Le Ministère de l’Enseignement Supérieur, de la Recherche et de l’Innovation a enfin rendu public, début juin, le projet de Loi de Programmation Pluriannuelle de la Recherche, qui devait être présenté au CNESER le 12 juin et débattu le 18 juin. De nombreux commentaires ont accompagné cette publication, à proportion des inquiétudes et des rumeurs que son annonce avait suscitées.
QSF estime, comme une partie de la communauté scientifique, que l’initiative d’une telle loi mérite d’être saluée. Constatant le sous-financement de la recherche française et quelques-uns de ses problèmes structurels, le projet de loi annonce pour les dix années qui viennent un nouvel engagement budgétaire de l’État, non certes satisfaisant dans l’absolu, mais assurément significatif.
Outre la création prévue de 5200 emplois sur la décennie, QSF apprécie la nouvelle attention portée au problème des rémunérations de l’ESR ; la revalorisation substantielle prévue pour les contrats doctoraux ; l’accent mis sur la dimension internationale des recrutements ; la multiplication des accueils en délégation ; l’annonce d’une importante augmentation du taux de succès des réponses aux appels à projets.
La facilitation des relations entre le secteur public et le secteur privé répond à une nécessité dans de nombreux secteurs de la recherche scientifique. Quant aux recrutements sur contrat avec perspective de titularisation au rang magistral, ils ont leur intérêt s’ils se traduisent par l’intégration à l’université et à la recherche française de jeunes chercheurs de valeur travaillant sur des thématiques importantes mais peu explorées.
En l’état, cependant, et en dehors du volet strictement financier, la conception de ce projet de loi appelle d’importantes réserves, sur divers plans.
1. Quoique encadré par un Exposé des motifs et par un Rapport annexé, ce texte frappe par sa composition bizarre, avec notamment, dans ses derniers articles, des dispositions particulières dont l’inscription dans cette loi fait question. Souvent difficile à déchiffrer, il n’est manifestement pas fait pour faciliter son approbation et son appropriation par les premiers acteurs de l’ESR, qui sont les chercheurs et enseignants-chercheurs eux-mêmes.
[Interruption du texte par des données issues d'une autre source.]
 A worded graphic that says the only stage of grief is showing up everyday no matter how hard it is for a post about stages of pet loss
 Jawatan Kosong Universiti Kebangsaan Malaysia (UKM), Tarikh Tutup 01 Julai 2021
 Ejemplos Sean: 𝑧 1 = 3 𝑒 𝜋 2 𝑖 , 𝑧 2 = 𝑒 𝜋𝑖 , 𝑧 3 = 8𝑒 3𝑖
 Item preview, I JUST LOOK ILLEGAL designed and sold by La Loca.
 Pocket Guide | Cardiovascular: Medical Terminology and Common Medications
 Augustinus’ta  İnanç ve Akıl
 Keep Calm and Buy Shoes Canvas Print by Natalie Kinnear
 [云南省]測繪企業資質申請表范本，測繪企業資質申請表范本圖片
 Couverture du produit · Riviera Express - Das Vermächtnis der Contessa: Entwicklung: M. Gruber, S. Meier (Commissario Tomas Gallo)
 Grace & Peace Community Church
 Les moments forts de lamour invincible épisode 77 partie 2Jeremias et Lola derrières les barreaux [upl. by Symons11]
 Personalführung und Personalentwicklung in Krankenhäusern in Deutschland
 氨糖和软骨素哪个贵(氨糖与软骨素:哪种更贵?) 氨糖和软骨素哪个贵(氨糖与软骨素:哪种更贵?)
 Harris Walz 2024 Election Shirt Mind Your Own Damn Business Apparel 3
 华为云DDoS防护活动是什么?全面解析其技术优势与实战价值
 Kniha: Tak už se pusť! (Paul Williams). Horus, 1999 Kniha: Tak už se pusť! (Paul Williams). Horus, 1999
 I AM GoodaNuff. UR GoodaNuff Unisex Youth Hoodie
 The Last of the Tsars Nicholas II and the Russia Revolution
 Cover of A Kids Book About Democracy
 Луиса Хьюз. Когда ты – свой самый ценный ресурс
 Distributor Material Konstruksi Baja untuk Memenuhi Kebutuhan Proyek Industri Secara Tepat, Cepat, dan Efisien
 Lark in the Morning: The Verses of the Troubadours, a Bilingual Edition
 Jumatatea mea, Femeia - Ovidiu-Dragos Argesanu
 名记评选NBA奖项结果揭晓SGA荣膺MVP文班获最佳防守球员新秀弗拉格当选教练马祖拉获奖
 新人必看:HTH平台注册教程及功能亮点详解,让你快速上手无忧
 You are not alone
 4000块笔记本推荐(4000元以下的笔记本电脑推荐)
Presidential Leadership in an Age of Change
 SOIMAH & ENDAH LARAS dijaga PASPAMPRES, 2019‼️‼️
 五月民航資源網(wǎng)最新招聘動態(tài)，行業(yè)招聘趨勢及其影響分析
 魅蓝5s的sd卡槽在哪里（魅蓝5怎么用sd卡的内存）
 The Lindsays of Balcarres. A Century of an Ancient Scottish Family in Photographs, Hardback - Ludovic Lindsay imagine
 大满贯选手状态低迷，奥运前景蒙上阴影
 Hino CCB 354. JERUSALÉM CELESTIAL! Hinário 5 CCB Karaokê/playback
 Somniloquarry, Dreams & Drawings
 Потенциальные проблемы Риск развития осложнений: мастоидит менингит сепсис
2. Remédier à la crise actuelle des vocations scientifiques ainsi qu’à certaines faiblesses du tissu de la recherche exige que les causes en soient rigoureusement dénombrées. Cependant, ni l’Exposé des motifs ni le Rapport annexé n’évoquent le caractère duel du système français d’enseignement supérieur, avec ses effets profonds sur la répartition et les choix des cohortes d’étudiants. Il n’est pas davantage fait mention des problèmes liés, en amont, aux structures et à la pédagogie du système éducatif primaire et secondaire et à la formation des maîtres ; ni, en aval, aux pratiques actuelles en matière de recrutement des MCF et PR, trop souvent marquées par le localisme.
3. Pour renforcer le dynamisme de la recherche française, le plus grand rôle apparaît toujours accordé aux financements sur projets, administrés surtout par l’ANR dont le budget d’intervention sera fortement accru. Malheureusement, le projet de loi ne porte les traces d’aucune réflexion sur le fonctionnement global de l’ANR et sur les conditions de recrutement de ses responsables et experts. Il en va de même pour le HCERES dont les compétences seront théoriquement élargies. En outre, la demande massive de la collectivité de l’ESR porte sur la garantie et sur l’augmentation des financements pérennes, en relation avec une liberté de la recherche et une liberté académique dont le Rapport annexé ne fait aucune mention.
4. L’article 3 du projet de loi définit longuement la nouvelle voie contractuelle de recrutement dans l’ESR (« professeurs juniors »), inspirée du système de tenure track en vigueur dans plusieurs pays. Cette voie de recrutement « complémentaire » devrait concerner un nombre de postes au plus égal à 25 % du contingent des recrutements « normaux » de PR, ce contingent étant supposé garanti pour les années à venir. Cette mesure comporte des aspects positifs. Cependant, même utilisée de manière très limitée, cette nouvelle voie représentera une brèche qui peut apparaître en l’état comme préoccupante, dans un système de recrutement resté relativement homogène jusque dans ses défauts notoires. Elle crée pour le début de carrière, à âge et qualification égale, des disparités statutaires et matérielles qui s’ajoutent à celles que la création de l’IUF a entraînées pour la suite des carrières. Ceci peut compromettre les synergies et d’abord nourrir les craintes d’une dérégulation à moyen terme du système de recrutement et d’organisation des carrières – cela d’autant que le système actuel (CNU, qualifications, HDR, comités de sélection) ne fait pas l’objet de la moindre mention.
QSF tient le système actuel de recrutement des EC pour très insatisfaisant et a demandé l’introduction dans la loi d’une clause limitant les pratiques localistes. Le passage à un système de titularisation conditionnelle (après période probatoire) lui semble mériter d’être étudié. En l’état, l’introduction de la nouvelle voie apparaît comme une demi-mesure à la mise en œuvre très délicate. Sur ce point comme sur les autres, la doctrine implicite du projet de loi reste insuffisamment définie. Pour autant que le choix a été fait de ne pas limiter la loi à ses aspects financiers, on pouvait demander qu’elle soit l’expression d’une réflexion autrement structurée, étendue à tous les aspects du problème posé et bien plus largement partagée. Une discussion globale sur les recrutements dans l’ESR et sur les débuts de carrière est aujourd’hui indispensable.